私にとっては生まれて初めてのニューヨークでした。

なので、翌日は張り切って観光!

午前中はエンパイヤーステイトビルディングへ上って、展望台から景色を一望し、中華街で昼食を食べた後、午後はソーホーエリアをひたすら歩き回りました。

太陽の光を日中たくさん浴びて、よく動けば夜はぐっすり眠れると思ったからです。ところが、夜になり明日に備えてぐっすり眠ろうとしても、目がぎんぎんに冴えてさっぱり眠れません。昨日は初めてのフライトで緊張しながら徹夜で仕事をし、今日はがんがん歩き回って、明日はまた成田まで約1日かけて飛ばなければいけないというのに、全然眠れないのです。

「眠りたい、眠らなくちゃ。」とあせればあせるほど目が冴えました。ベッドの上で寝返りばかりをうち、12時、2時、3時とどんどん時間だけが過ぎていきました。朝8時半にはロビーに集合することになっています。遅くとも7時には起きなければなりません。朝4時を過ぎた頃だでしょうか。ようやく眠りに落ち、3時間も眠らないうちに、目覚ましがなりました。

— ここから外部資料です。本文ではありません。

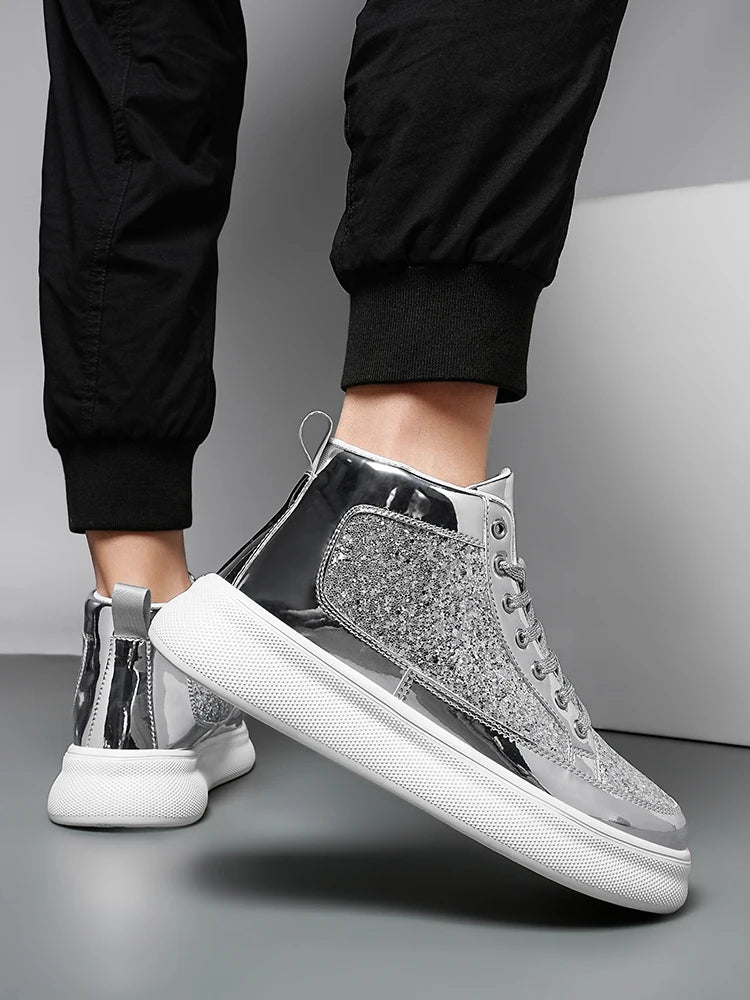 Pink Bling High Top Fashion Skate Shoes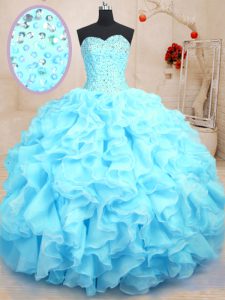 Custom Design Sleeveless Floor Length Beading and Ruffles Lace Up Sweet 16 Dresses with Baby Blue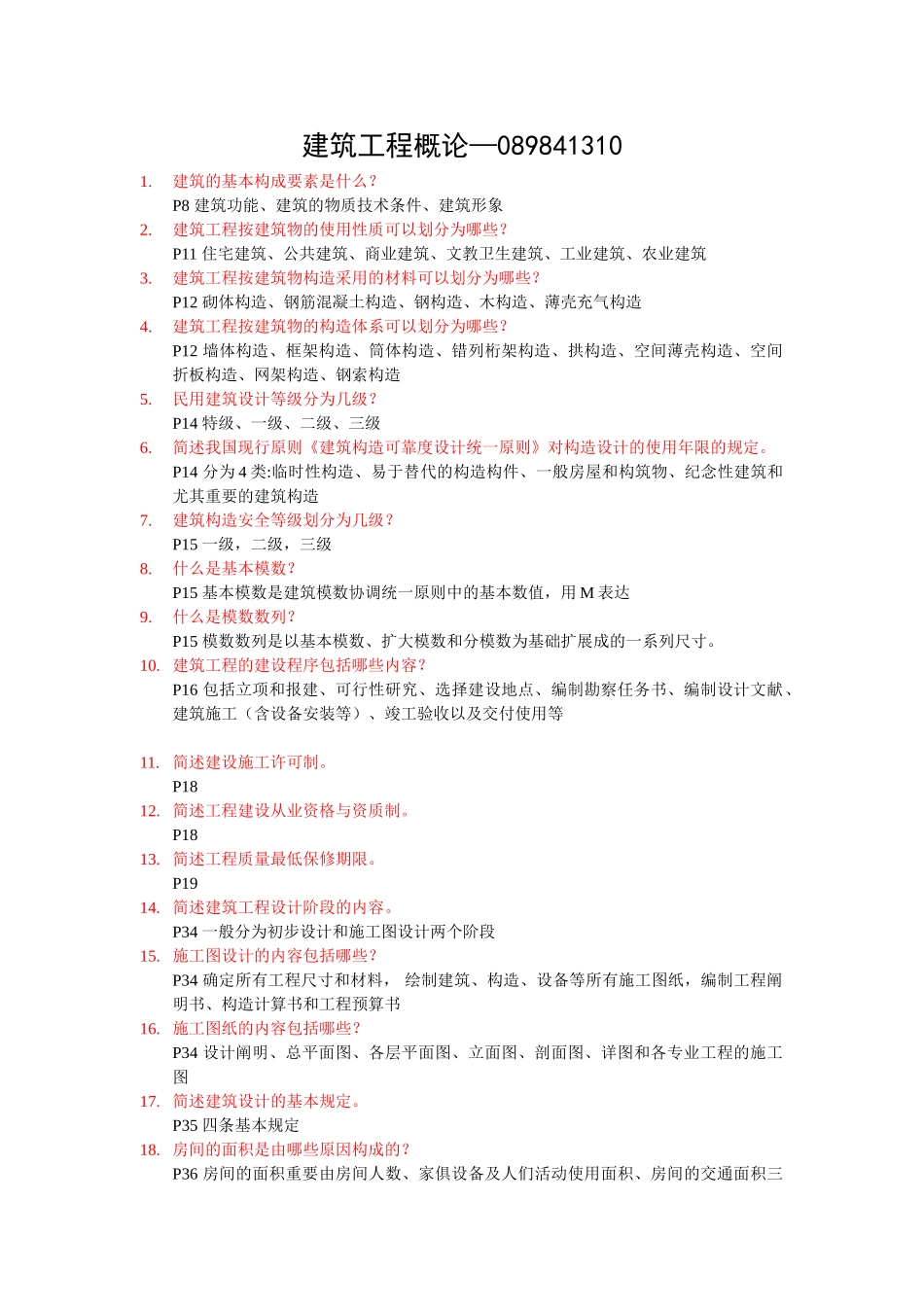 2025年08984建筑工程概论自考复习题及答案_第1页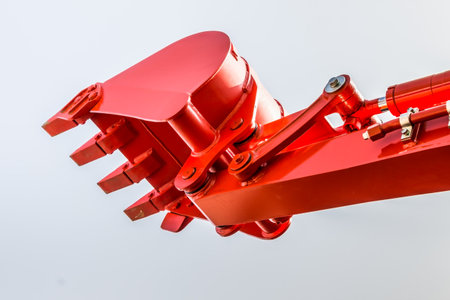 close up of orange excavator bucketの写真素材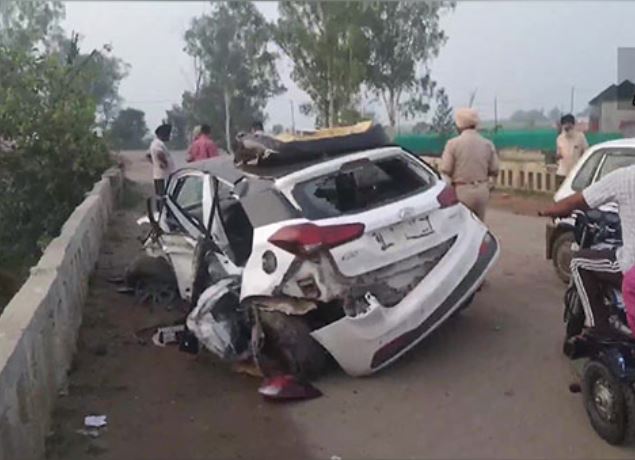 Visual of the car's condition post the Gurdaspur accident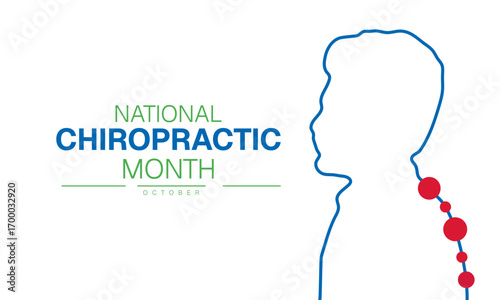 National Chiropractic Month Poster Banner and Background Abstract Design Template for Spine Health Back Pain Relief Medical Awareness and Healthcare Education  wellness Campaign


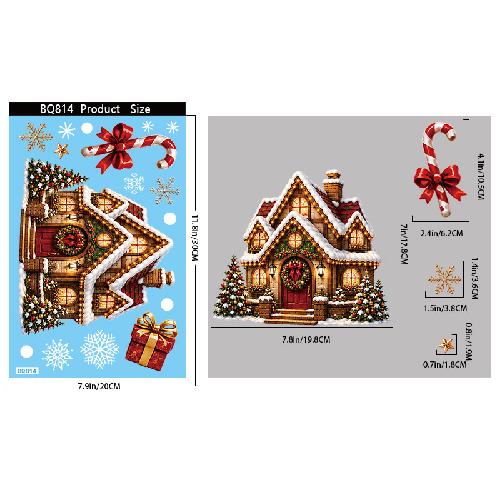 Nové vánoční party dekorace Kreativní zvonky, Sob, Santa Claus, Elektrostatické nálepky, Sněhové vločky, Sněhuláci, Skleněné nálepky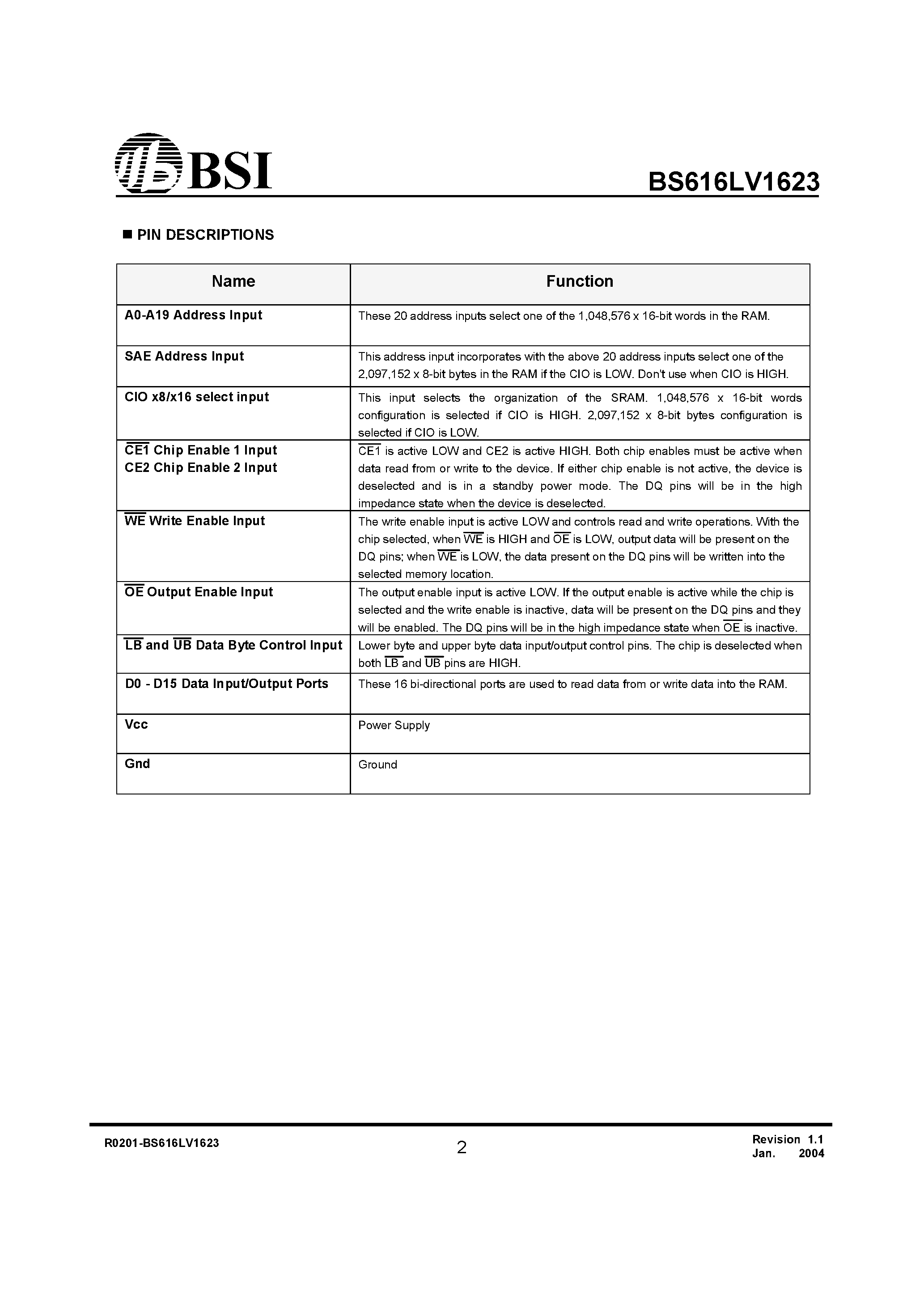 Datasheet BS616LV1623 page 2 Datasheet BS616LV1623 - Very Low Power/Voltage CMOS SRAM 1M x 16 or 2M x 8 bit switchable page 2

帰りのフライトはファーストクラスを担当することになりました。

ファーストクラスはエコノミークラスとサービスの内容が全く違うので、また一からやり直すのと同じ。ドリンク類はその種類によってグラスが違います(シャンパングラス、ワイングラス、カクテルグラス、リキュアーグラスなど)。食事は高級レストランと同じように、白くパリッの糊のきいたナプキンをテーブルにしいて召し上がっていただきます。

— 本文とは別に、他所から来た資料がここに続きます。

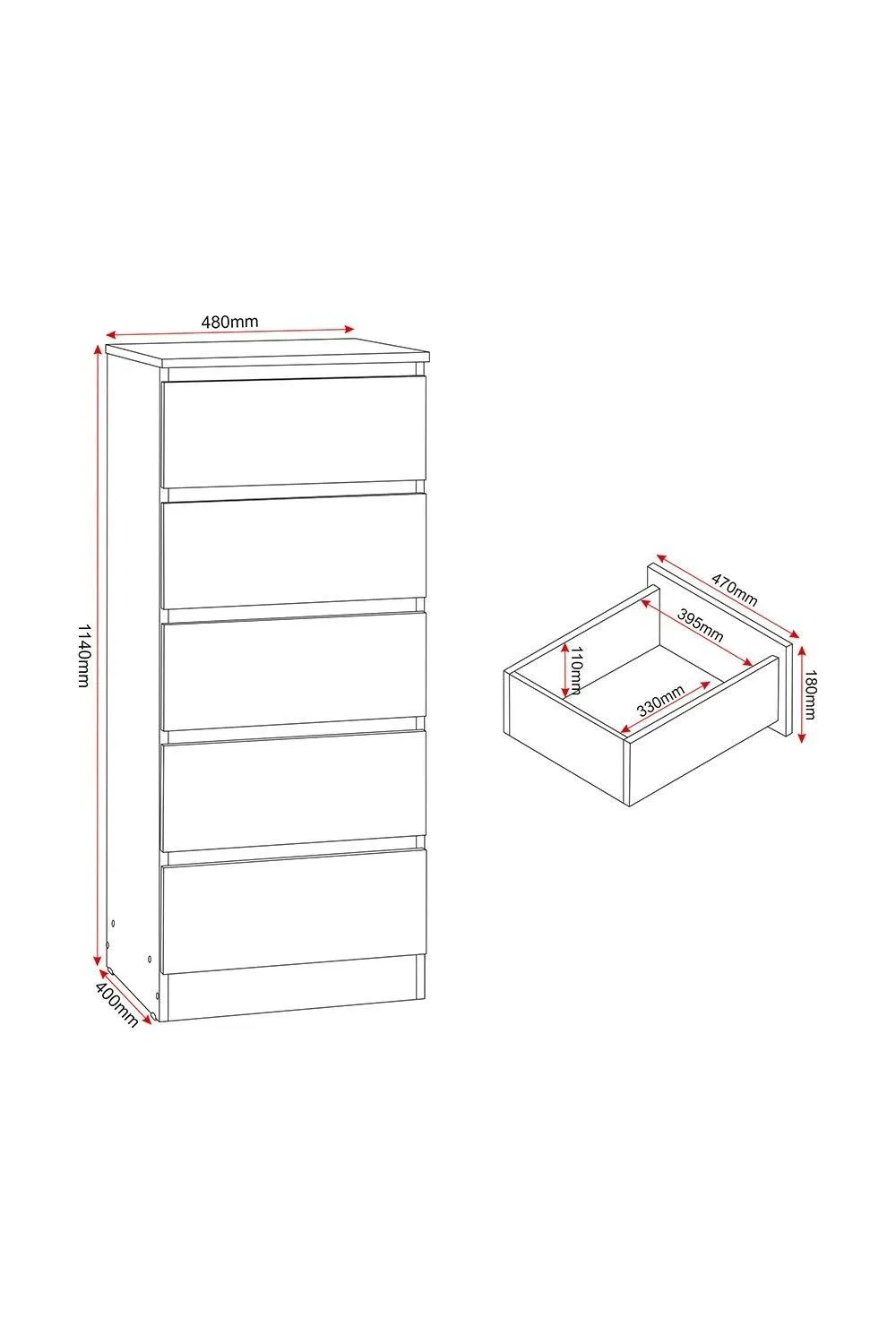 Seconique Malvern 5 Drawer Narrow Chest in Light Stone 6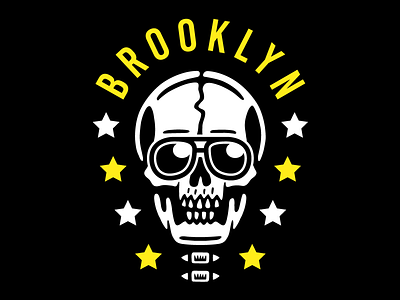 Brooklyn skull. art brooklyn design district emblem glasses hand drawn illustration poster print retro skeleton skull star t shirt design typography usa vector vintage yellow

シャンペンはドン・ペリニヨン、ウイスキーはシングルモルツやブルーレベルのジョニーウォーカー、赤ワインは〇〇、白ワインはX X、日本酒は△△、とまたしてもしっかり覚えなくてはならないお酒類が待っていました。

ファーストクラスのフルコースサービスは、食事全体を終えるのに最初のオーブンで暖められたピーナッツから最後の食後酒まではゆうに二時間半以上かかるとても長ーいサービスです。

ところで、アペタイザー(前菜)に出されるものの一つにキャビアがありました。今となっては幻のチョウザメの卵、キャビアとなってしまいましたが、当時はファーストクラスにのみ出される贅沢品、高級品として定番でした。

ファーストクラス専用のシルバーのクィーンカートの上にセットされる機内食としてのキャビアは、以下のようにセットされました。

まず、小さな缶詰に入ったこキャビアを、氷で出来ているようなな円い透明ガラスの器に入れかえ、キャビアをすくう超極小スプーンを脇に置きます。そしてキャビアを囲むように白いラムカンに入った各種添え物(ゆで卵の黄身を裏ごししたもの、卵の白身のみじん切り、たまねぎのみじん切、パセリ、レモンスライス)を色とりどりに見栄え良く並べます。トーストはシルバーボールに数枚もられます。

対で飲むドリンクはギンギンに冷やされたアブソルートウォッカ。これはボトルごとドライアイスの入ったシルバーのワインクーラーに入れられ、キャビアのすぐ後ろに置きます。ワインクーラーにはドライアイスを入れるのですが、ドライアイスは溶け出すと空気中にシューっと白い煙をだすので、キャビアを運ぶクィーンカートが通路へ出ると、それだけで相当豪華な雰囲気が漂います。